I realize that for most people reading this blog it is extremely confusing as to why I have a natural born child, but yet now need a surrogate. Infertility can come in many shapes and sizes. I am not the traditional definition of “infertile”. I can get pregnant just fine. However, my body does not handle/carry pregnancies well. I get life threateningly ill.
Ten days after Teagan’s birth I was hospitalized the day before Christmas Eve with preeclampsia (yes you can get it up to 6 weeks after delivering a baby!!!) My blood pressure was so high that I was admitted to the hospital and put on an IV of magnesium for 48 hours to keep me from seizing. I spent the next 5 weeks on house arrest taking anti-stroke and anti-heart attack medications. Once you have preeclampsia it can reoccur in subsequent pregnancies. I knew if I ever tried to get pregnant again I would now be considered high risk.
When Teagan was 18 months we knew we wanted to try again to give her a sibling. We went as far as moving home to MN from Seattle because we knew in doing so we ran a huge risk and we would need all the family support we could get. In June we moved back to MN, in August we moved into our 4 bedroom house (with an empty bedroom waiting for our future baby), and by October we were pregnant again.
4 weeks into the pregnancy I started to become very sick. The food aversions were so bad I could not eat….anything. I would violently gag. The nausea was relentlessness, I couldn’t regulate my body temperature, my legs were so weak I barely made it to the bathroom. The OBGYN said it was bad morning sickness and prescribed me three different medications. None of them worked. My mom began to watch Teagan. I was completely bedridden.

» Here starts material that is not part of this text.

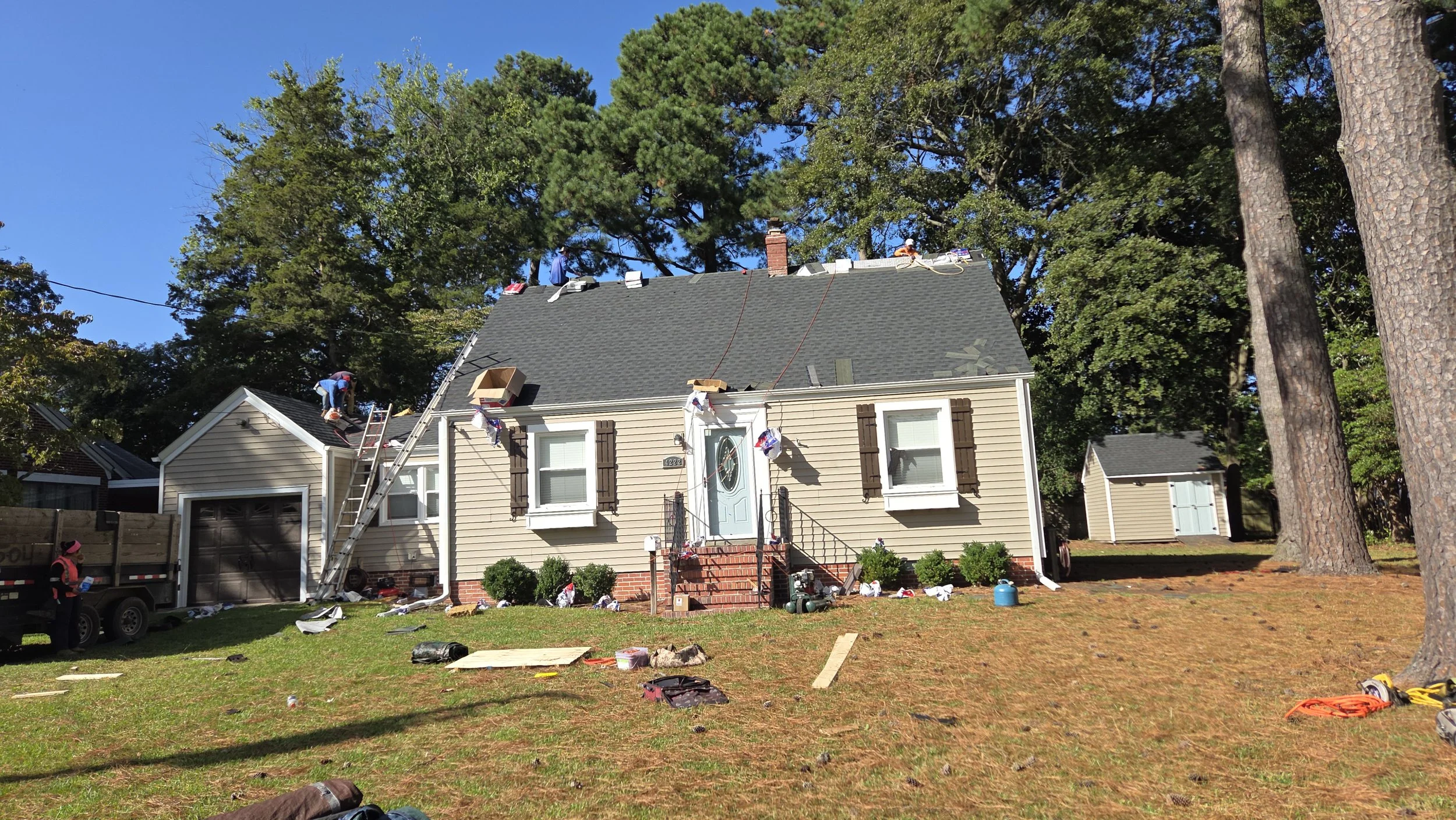 Workers repairing the roof of a two-story house on a sunny day, with tools and materials scattered on the lawn and a ladder leaning against the house.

At this point I made an appointment with the OBGYN to see me (they don’t typically see you until week 8). Upon arriving at the office I was too weak to fill out the paper work. I told the receptionist I was about to faint. I was taken to a room and laid on the bed, I couldn’t lift my head to turn and see the doctor come into the room. The doctor put me in a wheel chair and sent me directly to the emergency room. I was told I had suspected Hyperemisis Graviderm (HG). Imagine the worst stomach flu of your life lasting for months – that was the hell that HG is. There is no cure. Every 3-4 days the only thing I could do, was go to the ER for more IV fluids to keep the dehydration at bay. I started running out of veins and to this day still have vein scarring in my left arm from so many IVs.
1 in 3 babies do not survive a mom having HG. At the 6 week ultrasound it showed a heartbeat under 100 and a baby that had stopped growing. By 8 weeks it was confirmed I had miscarried. The day before Thanksgiving, I had a D&C (a surgery to remove the fetus). I started hemorrhaging over the course of the next few days following surgury. It was found some of the tissue had not been removed and was still in my uterus. I had to undergo a second D&C on November 29th.
Regardless of no longer being pregnant, my body still had pregnancy hormone in it. It takes about 6 weeks to be out of your system. As HG is basically an allergic reaction to the pregnancy hormone I continued to be sick for another 5 weeks into January before the worst of it subsided.
All in all – I had lost a child, been bedridden, starved, was unable to watch Teagan, thought I might die from dehydration or starvation from early November through mid January. When I finally got through the worst of the physical symptoms and was finally able to process what had just happened the mental toll hit. And it hit hard. I spent the remainder of January and February battling postpartum depression, having full blown anxiety attacks (something I never had before), and almost 6 weeks with total insomnia.
I was diagnosed with PTSD from my HG experience by a psychologist and its something I am still working through to this day. HG has a re-occurrence rate estimated as high as 90%. I was told if I tried to get pregnant it would most likely occur again and it would be worse. The only treatment plans available would be at home IVs and possibly feeding tubes. Between that and the high re-occurrence rate of preeclamsia I made the earth shattering decision that I could not (physically, emotionally, or mentally) get pregnant again….and that’s where Brandi comes in.
In my darkest chapter a complete stranger rose her hand and said I will save you from this nightmare. I will give you hope again. I lovingly call Brandi my unicorn. She is one in a million, I will never find another one like her. She is magic. She is my miracle.